If I had a lot of money, I’d buy multiples of every pen to get a better idea of quality control, then I’d give away the surplus pens. TOO BAD I DON’T HAVE SUCH PHAT STAX O CA$H

I wasn’t looking for a fountain pen when I went to Target (I’ve given up on them since the brief glory days when they carried Rhodia notebooks, Pilot Plumix, 0.38mm gel pens, and such came to an end) but as I made my way through the back-to-school carnage (admittedly not nearly as bad as what I saw in Walmart) I spotted abandoned there, on a miscellaneous free-standing product display, one lone blister pack containing a Paperchase Wonderland Cartridge Fountain Pen. As I hunted down the source, I promised myself, if it was under five dollars, I’d give it a try.
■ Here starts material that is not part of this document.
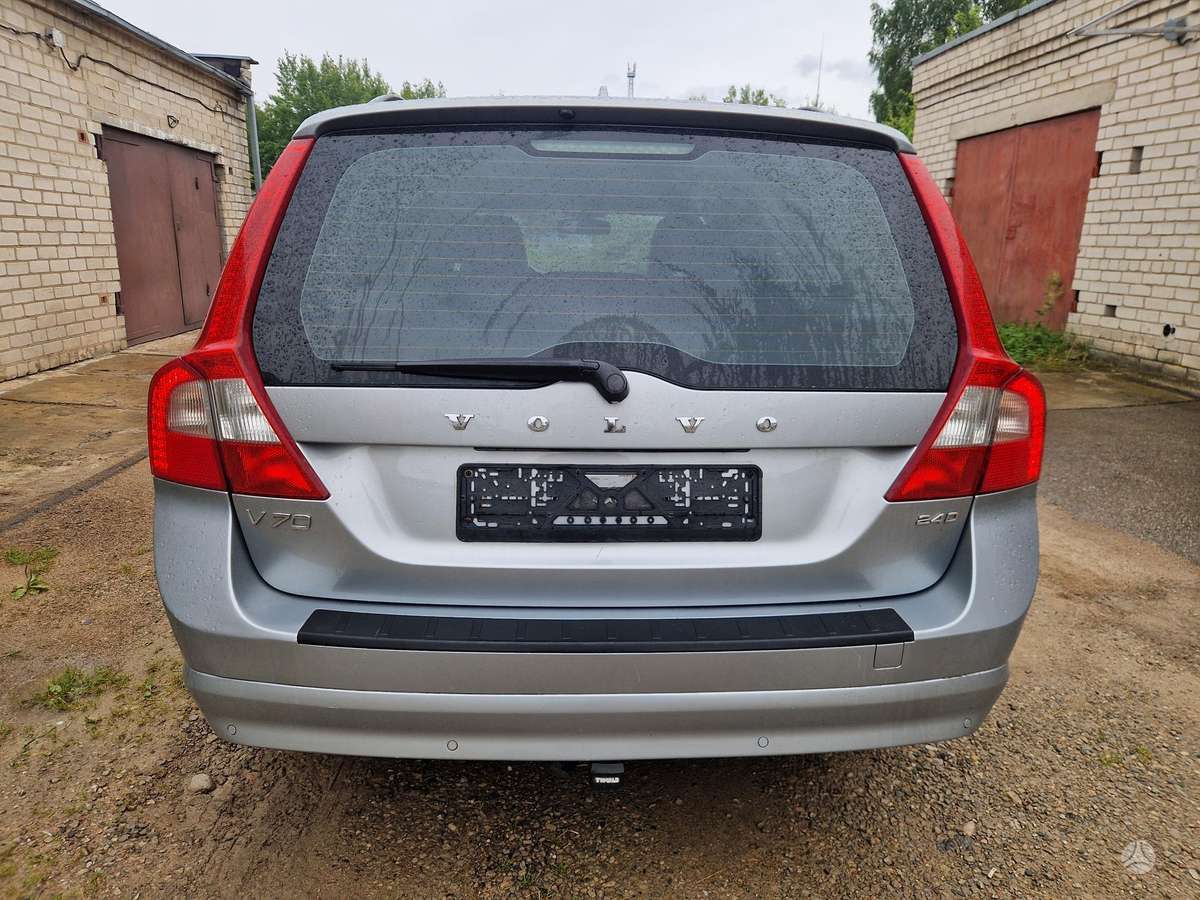 Volvo V70, 2.4 l., wagon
I found the rest of the Paperchase Wonderland collection on an endcap over in Home Office. The pen was $4.99.

I'm thinking pair this pen with a Piccadilly notebook and some Earl Grey tea.

I’m thinking pair this pen with a Piccadilly notebook and some Earl Grey tea.
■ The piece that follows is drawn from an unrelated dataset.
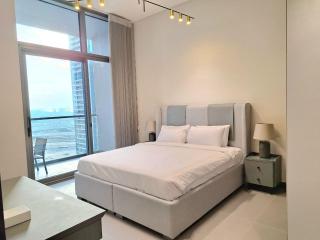 Jumeirah Lake Towers Stunning lake view Apartment MBL Royal Managed by SunnyHomes - 8
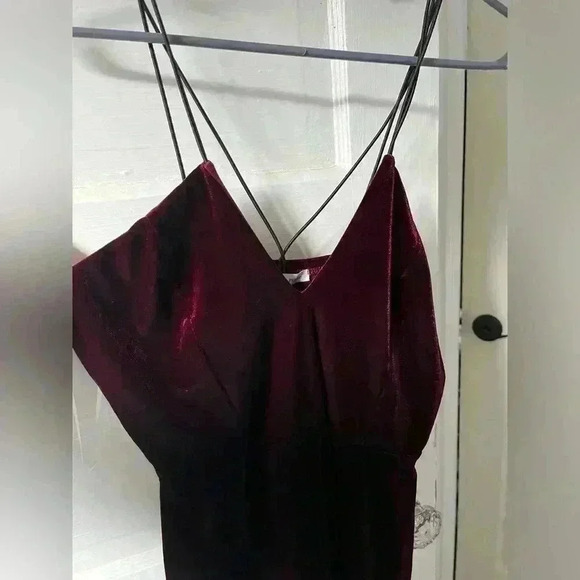 NWT Charlotte Russe, maroon velvet bodycon dress spaghetti strap size md - Picture 8 of 8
From what I can tell, the body comes in two designs: all black, and the whimsically decorated purple, covered in Alice in Wonderland illustrations. The design (the whole themed collection, really) screams painfully trendy-cute in much the same way slapping an owl or a mustache (or a mustachioed owl for radmax hipster points) onto something would, but we will forgive it for that. The plastic is of the cheapest sort, and will surprise no one should it break. The cap is snap-on, and posts easily. The grip section is easily my least favorite part, because though there is texturing there, further up the barrel the ridges for the cap collide with my grip style for a purlicue-irritating experience.

I was surprised to open the pen up and find something I had never seen before

I was surprised to open the pen up and find something I had never seen before

The pen comes with five blue standard short international cartridges: four displayed in the blister pack, and one hidden in the body of the pen. It also came with the empty bottomless cartridge pictured above left, in the pen body on the feed as though it were a cartridge in use. I suspect this was a clever little way to demonstrate by example how the cartridges are supposed to be used without having to print up any instructions.

Good nameless German steel? Possibly.

Good nameless German steel? Possibly.

The nib is labeled only with “IRIDIUM POINT M” and according to the package, this pen hails from Germany (veracity, at this price point, somewhat dubious). It’s a true European medium by my reckoning, and writes a little more wet than dry, though by no means is it what I would consider juicy. You feel the nib as you go across the page—it’s a tactile feeling, satisfying in its way, nothing scratchy about it, no unaligned tines, no skipping or problems with ink flow. I was impressed with how quickly after the cartridge was in place the pen was writing—it was ready to go as soon as I put the pen together and put it to paper. Non-fountain pen users aren’t interested in a finicky pen. This just might be the gateway pen I’ve been looking for to lure those folks in.

Shall we take bets on how long it will be before these fanciful designs wear off?

Shall we take bets on how long it will be before these fanciful designs wear off?

This pen has everything I could want in a gateway barebones beginner pen. You can find it in a common store (Target). It’s refillable with the most standard cartridges around, and has room in the body to carry a spare cartridge. It comes with a total of 5 cartridges to start you off. It writes right away without any finagling, and though it isn’t some buttery nirvana of smooth steel sliding words across the page, it writes satisfyingly well. And it’s cheap—cheap enough to be bought on a whim, to bring new people to fountain pens, and when it inevitably breaks or its owner gets tired of the cheap grip or what have you, they’ll be hooked, they’ll want more, and they’ll begin the fantastic spiral into buying better and better fountain pens.

 

I’m having trouble finding a link to anywhere suitable to buy it online, so check your local Target, or coerce someone you know who lives near a Target to check theirs and mail it to you if they find one.